Tentu saja, Nostr dan semua platform terbuka dikembangkan secara open-source. Sebab terbuka, tidak perlu gelisah bila ada lebih banyak orang “menyerang”. Hal ini justru menjadi lahan kita untuk senantiasa belajar dari waktu ke waktu. Untuk memperbaikinya, untuk merevisinya, untuk memvalidasi diri, untuk menjadikannya “lebih baik”. Terbuka bukan berarti bebas tanpa aturan, bukan? Terbuka memang berkelindan dengan kebebasan, tetapi kebebasan yang masih dapat dipertanggungjawabkan. Alhamdulillah, masih banyak orang baik yang membantu kebaikan pula. Atas Izin-Nya, komunitas open-source senantiasa bertumbuh, beriring dengan ideasional tiap individu di dunia. Pengembangan teknologi baru cenderung “dibuka” sehingga semua kalangan dapat saling membelajarkan dan saling “nasihat-menasihati”.
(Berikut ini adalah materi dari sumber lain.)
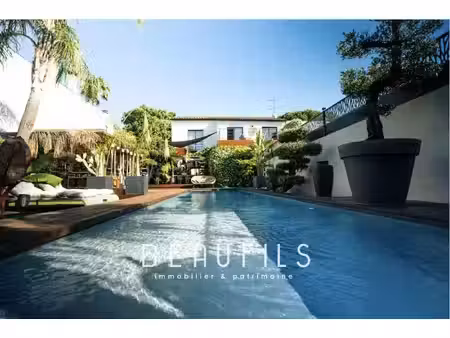 exclusivité. villa contemporaine à la grande-motte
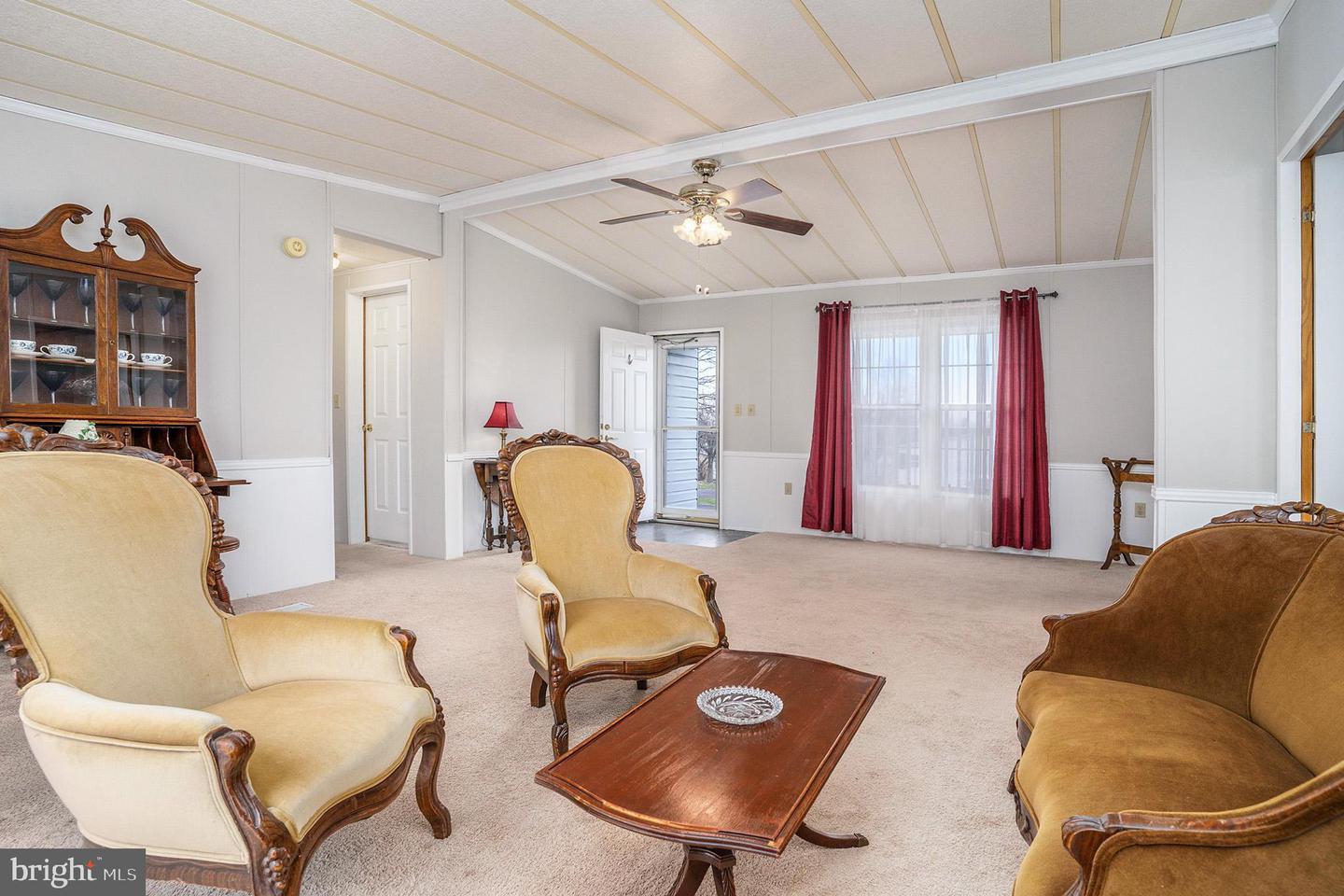 116 Deerfield Dr
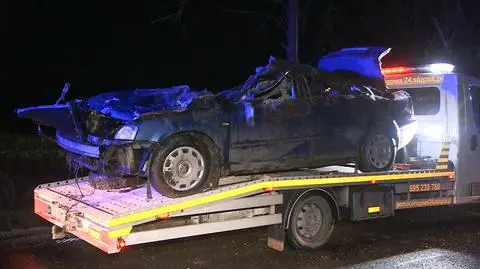 Po zderzeniu samochodów dwie osoby zginęły. Wypadek mieli też strażacy jadący na miejsce 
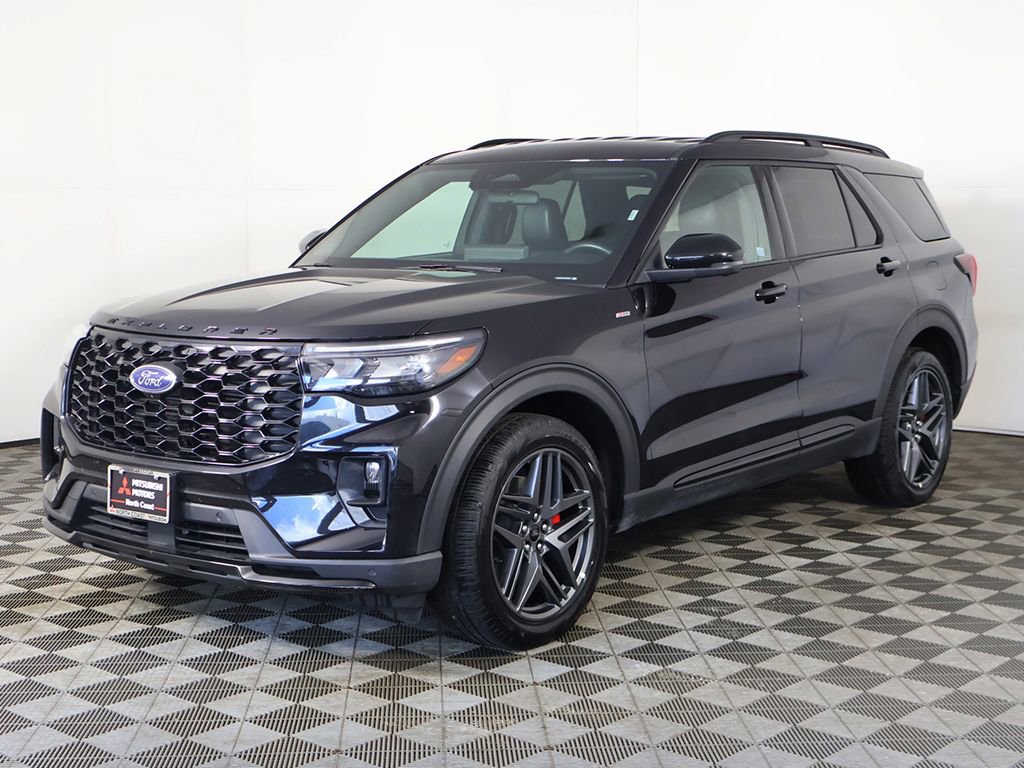 Used 2025 Ford Explorer ST-Line w/ ST-Line Street Pack AWD/4WD image 10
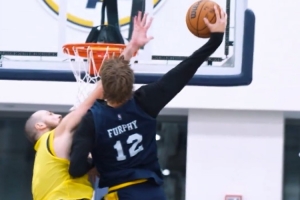 隊記：約翰尼-弗菲訓練中上演精彩扣籃 西卡：誰告的密??？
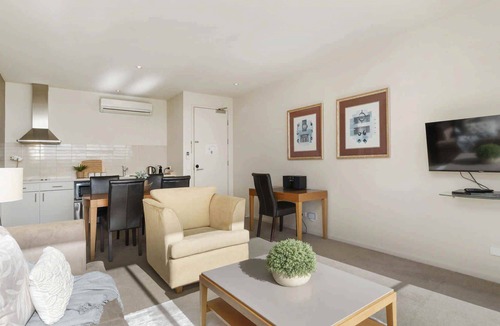 Fingal Apartment | Fairway Views – Moonah Apartment 24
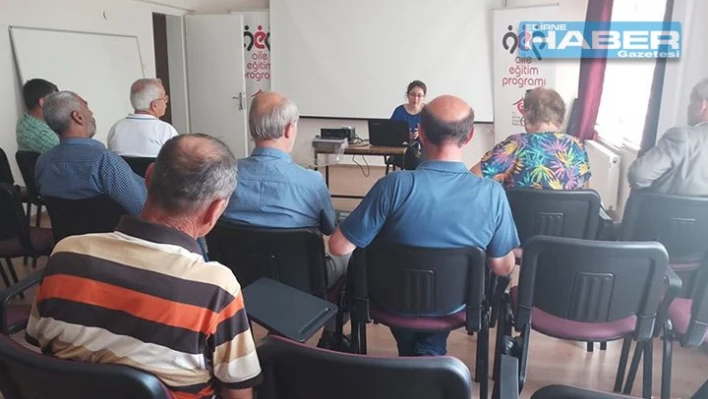 Muhtarlara aile eğitimi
Hal tersebut selaik konsepsi ilmu pengetahuan yang perlu diketahui banyak insan. Bukankah belajar itu dapat melalui medium apa saja dan dari mana saja? “Kita belajar dari orang lain, atau kita yang menjadi bahan belajar mereka.” “Learning to live together.” Belajar perlu bersama-sama, bertukar pikiran menjadi salah satu kunci pemantik pemahaman. Terlepas “berkeselarasan” atau malah gagal paham. Tidak masalah, bisa jadi dapat pahami pada waktunya, bisa jadi tidak. Semua butuh waktu, begitu pula dengan belajar dengan sesama di dunia open-source, berbagi pengetahuan untuk kemajuan bersama. Tidak kalah penting, open-source yang dikembangkan (disemarakkan) di negeri Tanah Air sendiri—insyaallah. Wallahualam bisawab.